Pushing those disturbingly vivid thoughts aside, Gurney locked his wallet and phone in the car and entered the medieval-looking tower that housed the prison’s main entrance. He was led to a large, windowless space filled with small pedestal tables and flimsy chairs, about half of which were occupied. The acoustics muddied the mixture of unhappy voices, and an odor of sweat and pine-scented disinfectant permeated the room. Six corrections officers were spaced out around the perimeter walls.

Soon after Gurney was seated, he saw Ziko Slade in a standard green convict uniform being directed to his table. That strange combination of soft, pampered features and calm, intelligent eyes Gurney had first noted in the trial video made the man instantly recognizable.

He took the chair opposite Gurney. He made no effort to force a handshake. Leaning forward, he spoke softly. “Thank you for coming here, sir. Your kindness means a great deal to me.”

“Emma believes in you.”

“Her belief is a blessing. Especially since so many facts appear to incriminate me. Every night, before I fall sleep, I wonder if the case will ever be understood, or if the person who killed Mr. Lerman will ever be found. But I must let go of these questions and focus on what’s good in my life.” He paused. “Thank you for making the long drive. I hope it wasn’t bad.”

“Not bad at all.”

Slade smiled. “The land is beautiful.”

“Yes.”

“It’s hard sometimes to see we’re surrounded by beauty. We do too much thinking. When I believe my ideas are real, what is real becomes invisible.”

Gurney wondered if Slade’s philosophizing was the product of serenity, psychosis, or manipulation. “How are you dealing with the reality of being here?”

“Often I wish I were somewhere else. Some people see this place as hell. I try to see it as purgatory.

“Meaning?”

“The fire of purgatory is purifying. The pain of clarity. The fire of hell is nothing but remorse. I agree with whoever said that hell is the truth seen too late. I’ve been blessed to have seen the truth while there was still time to live by it.”

“Even here in prison?”

“Wherever you are, you can live an honest life. But you know this already. I suspect you’ve always been an honest man.” He smiled, showing perfect teeth. “For me honesty is a relatively new concept.”

“How do you like it so far?”

Slade laughed as if Gurney had made a clever joke. “Honesty is astonishing. A key to another world.”

“A world Emma Martin introduced you to?”

“At the precise moment I was ready for it. Do you know I was stabbed and near death?”

“Emma told me.”

“Something happened while I was in the intensive care unit. I had a sudden vision of my life as a selfish, cruel, useless progression. A life of lies. I felt a desperate desire for my life to be the opposite of everything it was. That’s when I was brought to Emma. A magical connection.”

Gurney was skeptical of dramatic conversions, and particularly of their staying power. “So, that was the end of the old life? No thoughts of going back?”

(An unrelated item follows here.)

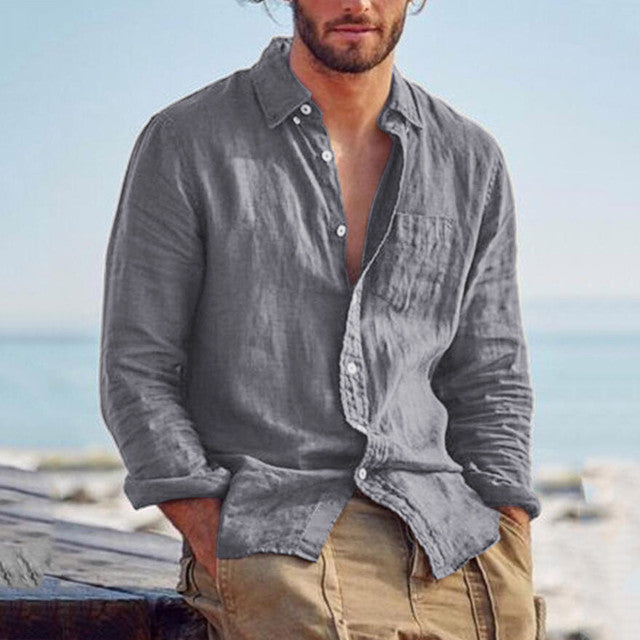 Men Shirts Loose Cotton Linen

The perfect smile reappeared. “Why would I go back to being the old me? That man was an idiot. I was drowning in money and buying one useless piece of junk after another. I had a fifty-thousand-dollar gold watch. Why? Because my East Hampton neighbor had a thirty-thousand-dollar gold watch. I was also fucking his very expensive wife. In fact, I fucked her in my laundry room the night of my own wife’s birthday party. I fucked her twice on her husband’s yacht. And I fucked their daughter for three days straight in a hotel room on a ten-grand crack buy. This was not unusual. This is what I did.”

“There are people who might envy that old life of yours.”

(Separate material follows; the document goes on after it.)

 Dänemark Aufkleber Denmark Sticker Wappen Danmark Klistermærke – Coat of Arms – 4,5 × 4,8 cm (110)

“People who don’t know what it really is. People who’ve never seen themselves as the scum of the earth, desperate to stay high because the crashes are devastating, and the crashes only get worse, and you get crazier and more terrified and more desperate. The dark is full of devils, and the light is unbearable. You want to die, but you’re terrified of dying—the claustrophobia, the paralysis, the suffocation—and the only way to escape the grave is to grab for another woman, another hit, another delusion of power. Then the next crash drives you back to the grave, and you can’t breathe and your mind is going to explode.”